Thinking Out Loud

Iraq Decides It Still Needs U.S.-Led Military Presence
By THOM SHANKER

WASHINGTON, June 10 — The new government of Iraq has decided to postpone any demand for negotiations to establish a more formal legal basis for the presence of American and other foreign troops on its soil, Iraqi and American officials said this week.

Instead, these officials said, Iraq will allow the current United Nations mandate to remain in effect beyond a deadline next Thursday for a review of Security Council Resolution 1637, which provides legal authority for the American-led military coalition to continue its combat operations.

“I’ve just finished speaking with my foreign minister, who intends to be in New York for the review, and it will not be a point at which we terminate,” Samir al-Sumaidaie, Iraq’s new ambassador to the United States, said Friday. The new government led by Prime Minister Nuri Kamal al-Maliki is the first full-term government to take power in Iraq since the American invasion more than three years ago.

Iraq has the right to unilaterally end the United Nations troops mandate at any time, as spelled out in the resolution approved unanimously by the Security Council last Nov. 8.

If the Iraqi people were polled, how many would know their government has no problem with the U.S. conducting business as usual, i.e., investigating itself and not liable for its actions? A “senior Bush administration official said” there is now “a great deal of support, obviously, and enhanced by what happened yesterday, for our continued presence,”… referring to the death of Abu Musab al-Zarqawi.” What do Iraqis say?

What they can look forward to are investigations of the sort Israel conducted into the Gaza Beach shelling in which they’ve determined it was the result of a bomb planted by Hamas.
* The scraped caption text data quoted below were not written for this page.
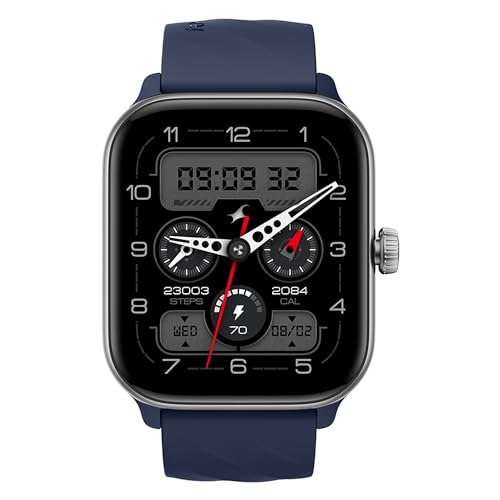 Image of Fastrack Nitro Pro Premium Smartwatch with 1.85 inch AMOLED Display with AOD|390x450 Pixels|SingleSync BT Calling|Functional Crown|100+ Sports Modes|AI Coach|AI Voice Assistant|24x7 Health Suite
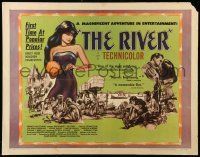 9w833 RIVER 1/2sh '51 Jean Renoir, art of Suprova Mukerjee, written by Rumer Godden!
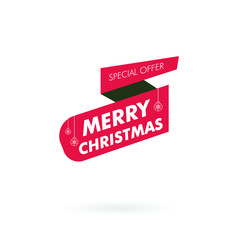 merry christmas - big sale 70 - christmas offer sale badge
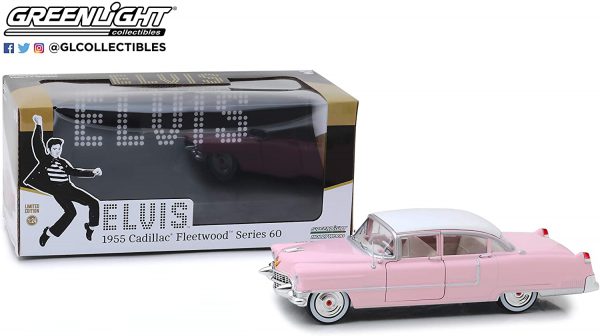 Cadillac Fleetwood 1955 "Series 60" Elvis Presley Pink 1:24 Greenlight Collectibles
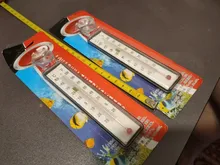 Uds de medidor de tanque de peces de acuario de agua de vidrio de termómetro de temperatura con buena taza de la succión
According to this report, the government is now concentrating its efforts on convincing the public that the IDF’s “findings” are true, as it continues firing missiles into heavily populated areas with no concern whatsoever for civilian casualties.

As’ad AbuKhalil wrote on 09.06.2006:

So US commanders in Iraq claim that US military has infiltrated the “inner circle” of Zarqawi. Jordanian officials also claim to have penetrated the “inner circle” of Zarqawi. And Iraqi government’s Muwaffaq Ar-Rubay`i also claimed on Al-Arabiyya TV the the Iraqi government has infiltrated the “inner circle” of Zarqawi. All of them are lying, of course. There was no infiltration. Somebody tipped them to get the bounty, as was the case for Saddam.

If Peter Bergen is correct, and Osama bin Laden looks favourably upon Zarqawi’s death, then there’s a possibility that an ally of Osama is now very wealthy. But that could never happen, right?

Chalmers Johnson was asked by Brian Lamb on C-Span’s Q & A this weekend what he’d do if he were appointed Secretary of Defence. An entire show should be devoted to that question with a panel that includes Johnson and others from the right and left who are truly opposed to the status quo.